Hello, I am trying to run many chains in parallel on multiple cores. I am aware of the questions that were already posted, but I could not yet solve this with the feedback that is out there.

I started with a blackbox likelihood model and DEMetropolisZ sampling, and run it sequentially with increasing the number of cores and chains. I am running this on an ubuntu laptop with 16 cores, and with pyMC v5. Here is a minimal example:

import pytensor.tensor as at
import numpy as np
import pymc as pm


# define an aesara Op fopriorr our likelihood function
class LogLike(at.Op):
    """
    Specify what type of object will be passed and returned to the Op when it is
    called. In our case we will be passing it a vector of values (the parameters
    that define our model) and returning a single "scalar" value (the
    log-likelihood)
    """

    itypes = [at.dvector, at.dvector]  # expects a vector of parameter values when called
    otypes = [at.dscalar]  # outputs a single scalar value (the log likelihood)

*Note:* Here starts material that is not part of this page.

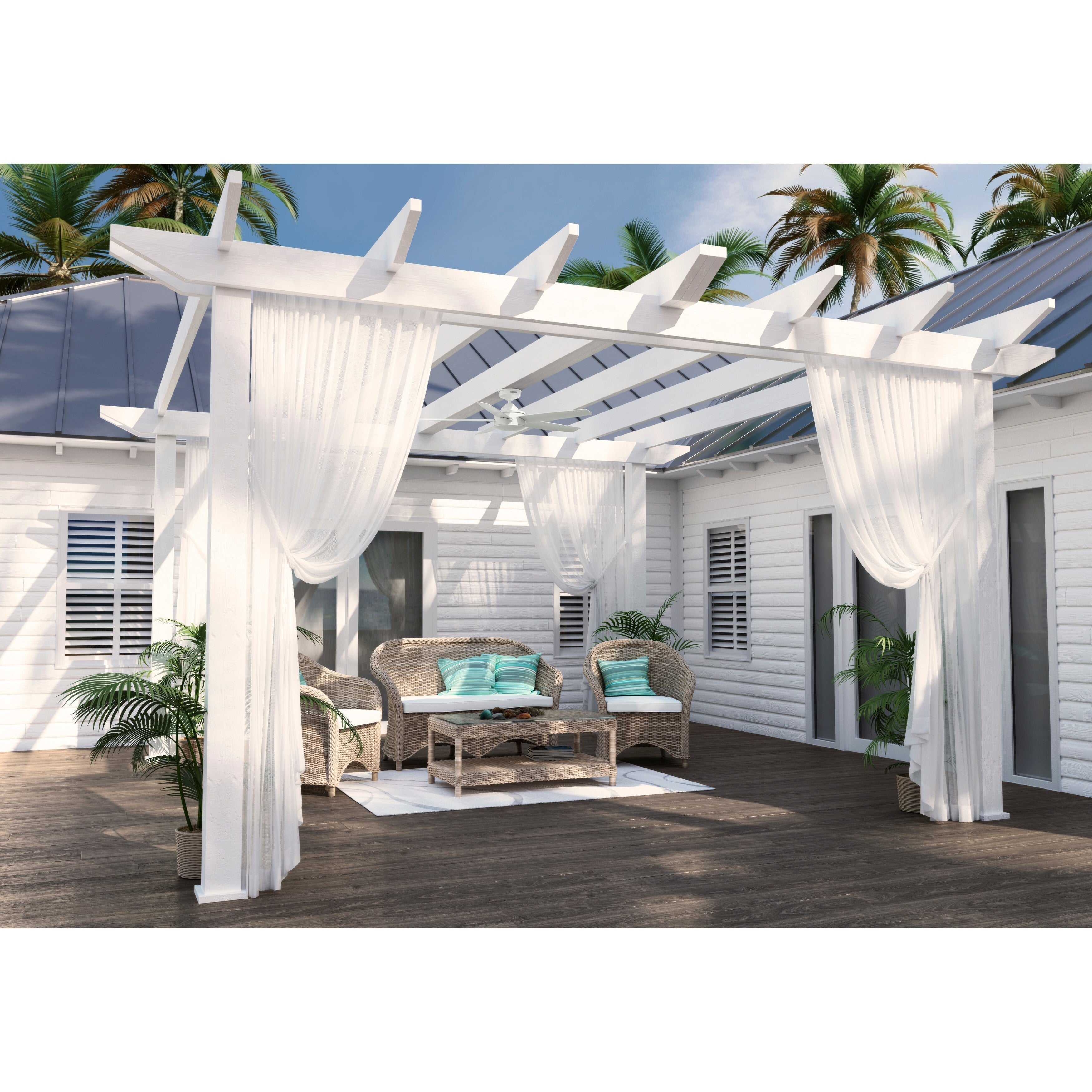 Hunter 52 Shorebreak WeatherMax Indoor / Outdoor Ceiling Fan w/ Wall Control - Extreme Weather, Salt & Corrosion-Resistant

    def __init__(self, custom_function, observations, sigma):
        """
        Initialise the Op with various things that our log-likelihood function
        requires. Below are the things that are needed in this particular
        example.

        Parameters
        ----------
        custom_function:
            The log-likelihood (or whatever) function we've defined
        observations:
            The "observed" data that our log-likelihood function takes in
        sigma:
            The noise standard deviation that our function requires.
        """

        # add inputs as class attributes
        self.likelihood = custom_function
        self.data = observations
        self.sigma = sigma

    def perform(self, node, inputs, outputs):
        # the method that is used when calling the Op
        (A, B) = inputs  # this will contain my variables
        # call the log-likelihood function
        logl = self.likelihood(A, B, self.data, self.sigma)
        outputs[0][0] = np.array(logl)  # output the log-likelihood

def forward_model(A, B):
    return (A - B) ** 2
def log_likelihood(A, B, data, sigma):
    # call a forward model
    response = forward_model(A, B)
    return np.sum(np.abs(response - data))/sigma


def sample_posterior(variables=20,
                     prior_range: float = 5,
                     cores: int = 48,
                     chains: int = 48,
                     draws: int = 10000,
                     tune: int = 1000):
    dip_names = ['varA_' + str(num) for num in range(variables)]
    azimuth_names = ['varB_' + str(num) for num in range(variables)]
    with pm.Model(coords={"A": dip_names,
                          "B": azimuth_names}) as model:
        A = pm.Uniform("varA", upper=prior_range, lower=-prior_range, dims='A')
        B = pm.Uniform("varB", upper=prior_range, lower=-prior_range, dims='B')
        A = at.as_tensor_variable(A)
        B = at.as_tensor_variable(B)
        data = np.zeros((variables))

        log_l = LogLike(log_likelihood, data, sigma=1)
        pm.Deterministic("likelihood_det", log_l(A, B))
        pm.Potential("likelihood", log_l(A, B))
        idata = pm.sample(draws=draws,
                          step=pm.DEMetropolisZ(),
                          cores=cores,
                          chains=chains,
                          tune=tune,
                          progressbar=False,
                          model=model,
                          random_seed=100722,
                          discard_tuned_samples=False,
                          compute_convergence_checks=False)
        return idata


if __name__ == '__main__':
    import time

    draws = 50000
    for cores in [1, 2, 4, 8]:
        t = time.time()
        sample_posterior(variables=10,
                         prior_range=5,
                         cores=cores,
                         chains=cores,
                         tune=0,
                         draws=draws)
        print(str(cores) + ' core: elapsed time is ' + str(time.time() - t))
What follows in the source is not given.